The Company is unable to predict whether mandatory GHG reduction requirements will ultimately be enacted through legislation or regulations.  As companies with significant coal-fired generating assets, LG&E and KU could be substantially impacted by programs requiring mandatory reductions in GHG emissions, although the precise impact on their operations, including the reduction targets and deadlines that would be applicable, cannot be determined prior to the enactment of such programs.  While the Company believes that many costs of complying with mandatory GHG reduction requirements or purchasing emission allowances to meet applicable requirements would likely be recoverable, in whole or in part under the ECR, where such costs are related to the Company's coal-fired generating assets, or other potential cost-recovery mechanisms, this cannot be assured.

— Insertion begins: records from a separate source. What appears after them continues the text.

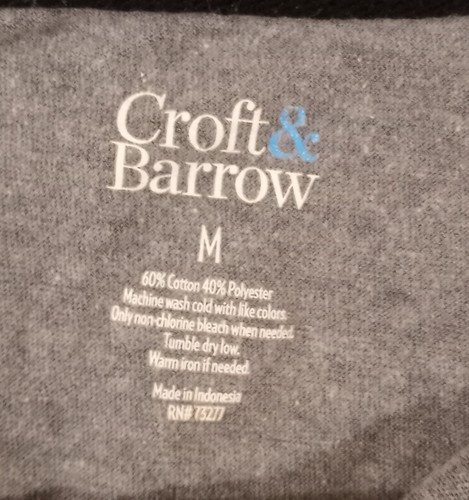 Croft & Barrow Men's Gray Long Sleeve Henley 1/4 Button T-shirt Casual Size M - Picture 3 of 5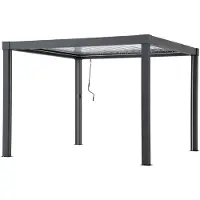 Sunjoy Multi Gazebo met LED verlichting en AB - 306cm x 306cm antraciet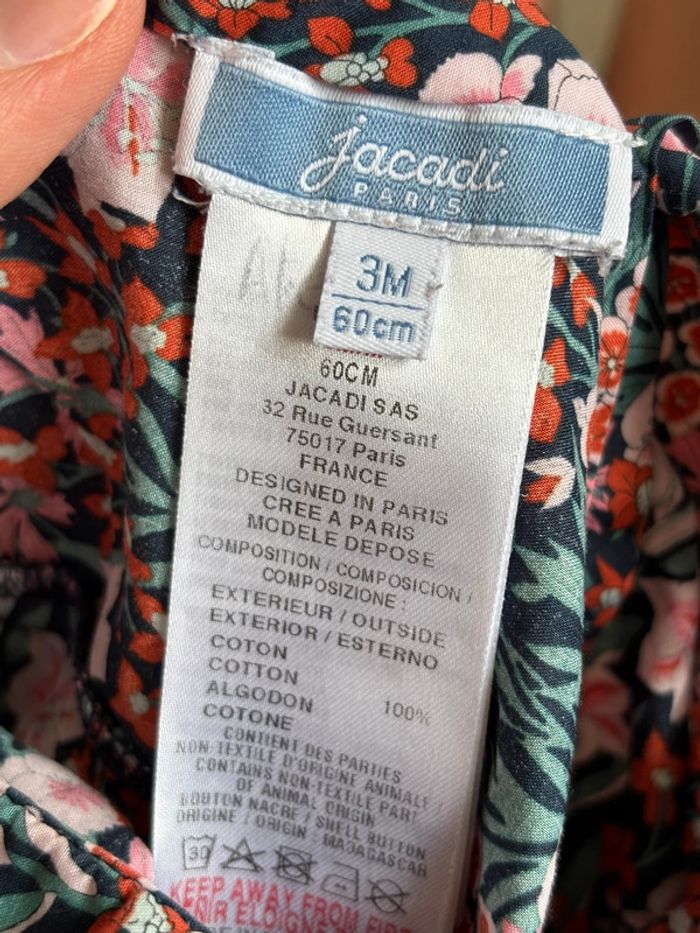 Chemise manches longues fleurie Jacadi 3 mois - photo numéro 5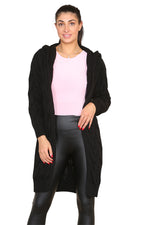 Load image into Gallery viewer, Knitted Cables Hooded Long Over-Sized Cardigan
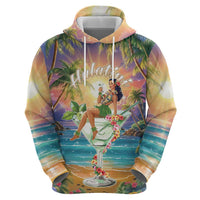 Aloha Hawaii Zip Hoodie Hula Martini Tropical Vibes - Polynesian Pride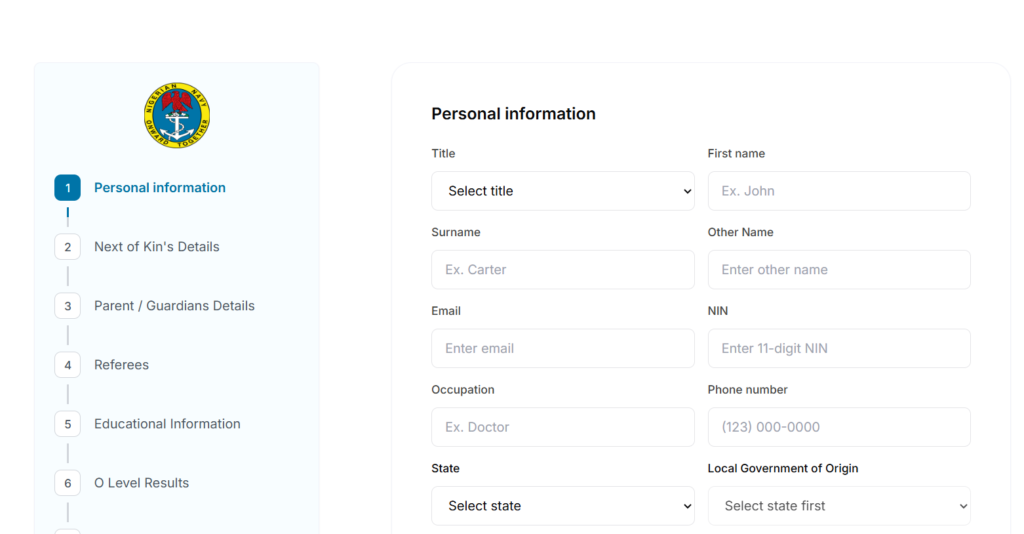 Nigerian Navy 2026 Recruitment Form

GHG Litigation.  A number of lawsuits have been filed asserting common law claims including nuisance, trespass and negligence against various companies with GHG emitting facilities.  In October 2009, the United States Court of Appeals for the 5th Circuit in the case of Comer v. Murphy Oil reversed a lower court, holding that private plaintiffs have standing to assert certain common law claims against more than 30 utility, oil, coal and chemical companies.  The Comer complaint alleges that GHG emissions from the defendants' facilities contributed to global warming which increased the intensity of Hurricane Katrina.  The Company was included as defendant in the complaint, but has not been subject to the proceedings due to the failure of the plaintiffs to pursue service under the applicable international procedures.  LG&E and KU are currently unable to predict further developments in the Comer case, including whether the plaintiffs will continue with a previously-dismissed motion seeking to amend their complaint to add the Companies as parties.  LG&E and KU continue to monitor relevant GHG litigation to identify judicial developments that may be potentially relevant to their operations.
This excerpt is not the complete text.